The following is a lead piece for a forum discussing why securitization theory has had so little traction in American IR. Drawing on established and emerging scholars from around the world, the forum will run from September 16th – 30th and feature guest posts every Monday, Wednesday, and Friday.
Two years ago Dan Nexon approached Eric, a petulant graduate student, about organizing such a forum with the support of Patrick T. Jackson. Dan and Patrick soon had to leave Duck of Minerva for International Studies Quarterly. The project was put on hold until Eric met Jarrod at ISA in New Orleans. What follows is almost certainly different from Dan’s vision, but if anything good comes of it, then it is in no small part due to Dan and Patrick’s early entrepreneurship. Finally, both Eric and Jarrod are immensely grateful to the contributors for their time and their insight.
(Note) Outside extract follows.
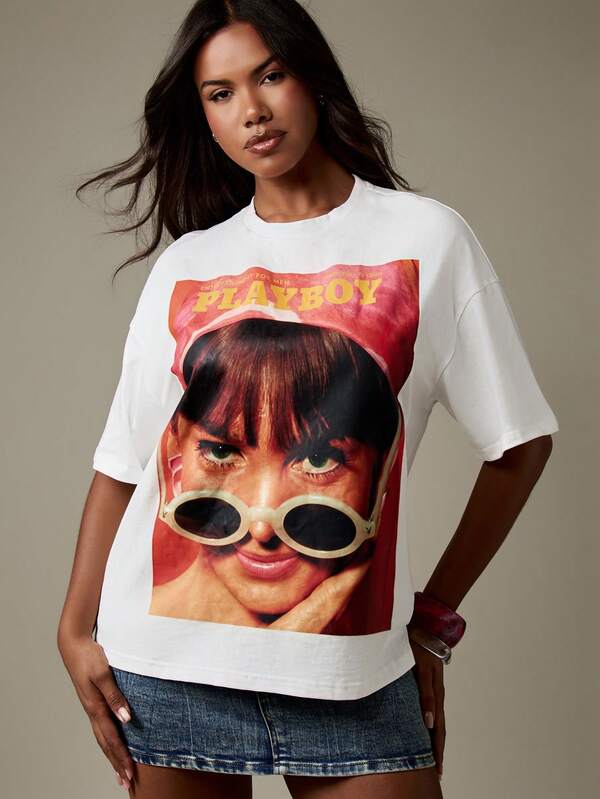Missguided X Playboy Oversized Magazine Cover Print T Shirt With Retro Design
Eric Van Rythoven and Jarrod Hayes
Foreign ideas don’t always go the distance. As Amitav Acharya (2004) has argued, outsider ideas always undergo a process of localisation when they spread. Local forces determine to what extent – if any – an idea can be adapted to domestic circumstances. When looking at the sociology of knowledge in IR finding an idea resonates with a particular region can be revealing, but equally revealing is when an idea is ignored or passed over. While these observations are as old as human society, when it comes to IR theory, they introduce implications that are ill at ease with the conception of IR as a social scientific enterprise. At least in the U.S., the ontological and epistemological underpinnings of IR as a discipline hold that theories are measured not by their foreignness but rather by their ability to explain the world. If that is the case, rejection of foreign theories is deeply problematic. Unless of course the claim is that the theory is invalid, but that begs the question why is it invalid in one place, but not in others?
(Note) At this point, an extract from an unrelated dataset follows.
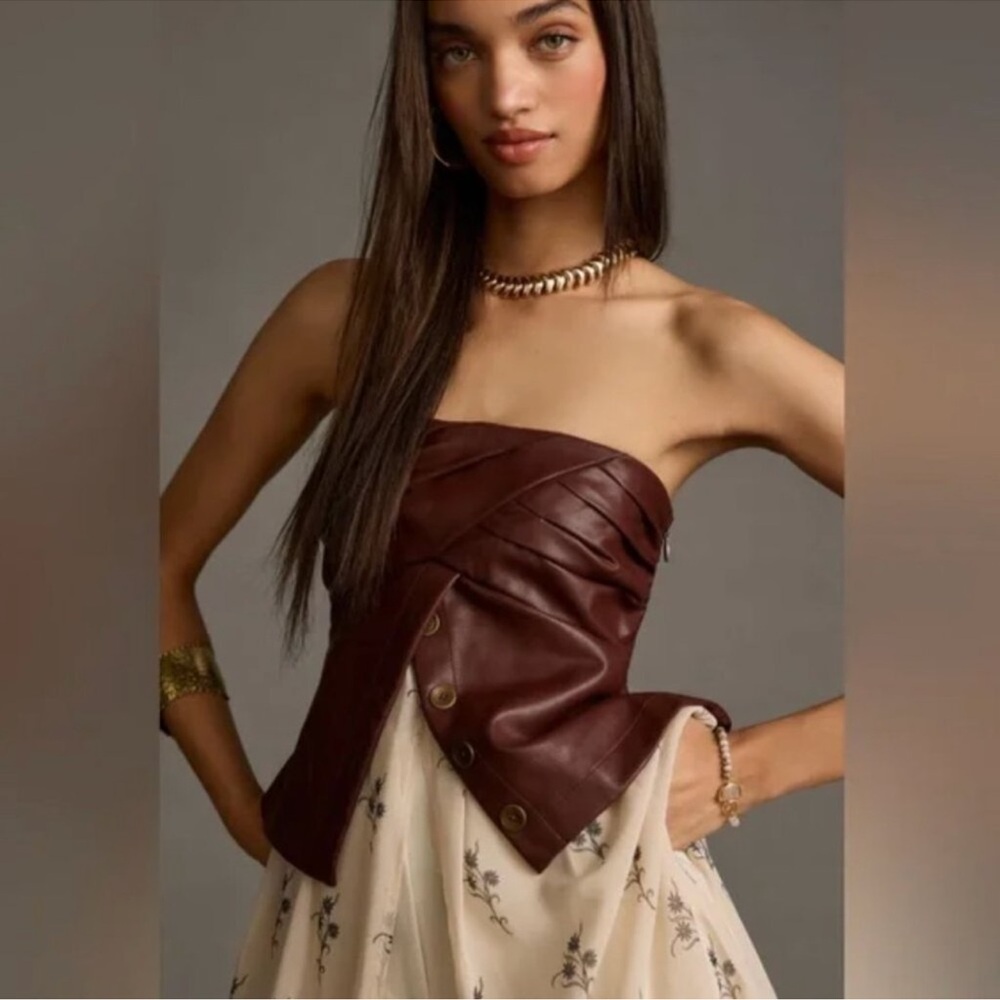 Women's Brown Leather Strapless Jacket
It is in this context that we ask why securitization theory has had so little traction in American IR. Today monographs, journal articles, and conference proceedings discussing the framework abound, its original advocates occupy eminent institutional positions, and introductory textbooks to security studies typically contain at least one chapter on the approach. Yet in American IR securitization theory is the proverbial Polkaroo; seen by a few individuals but invisible to the broader community. It rarely graces mid-level syllabi for courses on international security. It is conspicuously absent from the increasingly constructivist literature on threat construction and inflation (e.g. Thrall and Cramer, 2009). And only very rarely does this work make an appearance in the top American security journals such as International Security or Security Studies. A quick search of U.S.-based ‘top-tier’ journals according to the 2011 TRIP survey makes the case. Using the keyword ‘securitization’ one finds the following results:
- International Organization: 14 distinct articles mention the term in some way (e.g. in the title of a reference), but only 2 address securitization theory
- International Studies Quarterly: 18 distinct articles mention the term, but only 11 address securitization theory
- International Security: 6 distinct articles mention the term (including one with “” around it), but only 2 address securitization theory
- Security Studies: 13 distinct articles mention the term, almost all (12) address securitization theory
Contrast these trends with one European-based journal:
- European Journal of International Relations: 50 distinct articles mention securitization, 43 of which address securitization theory.
In short, EJIR has more references to securitization and more engagement with the theory than the four top-level U.S. journals combined by a large margin.
While our forum participants will focus on why the approach has had so little traction in the United States, and correspondingly why it has been so valued elsewhere, this intervention asks a more basic question: why should we be puzzled over the absence of securitization theory from American IR at all?
Of citation counts and impact factors…
In responding to Buzan and Hansen’s The Evolution of International Security Studies Steven Miller takes issue with their characterization of the history of the field. In the eyes of Miller, rather than being “dominant and hegemonic” members of the so-called traditional security studies “often feel weak and marginalized” (2010:260).* Thus, for many U.S. security studies scholars, the narrative of widening approaches, such as securitization theory, being an upstart challenger facing an entrenched goliath just doesn’t ring true.
Yet today Miller’s skepticism over whether alternative approaches, like securitization theory, can be considered an upstart challenger certainly hits the mark. The securitization literature has grown positively massive—at least in outlets and by authors outside the United States—with no signs of slowing down. One of the ways we can examine this is through citation counts which, while recognizably crude, speak to the impact of a scholarly work.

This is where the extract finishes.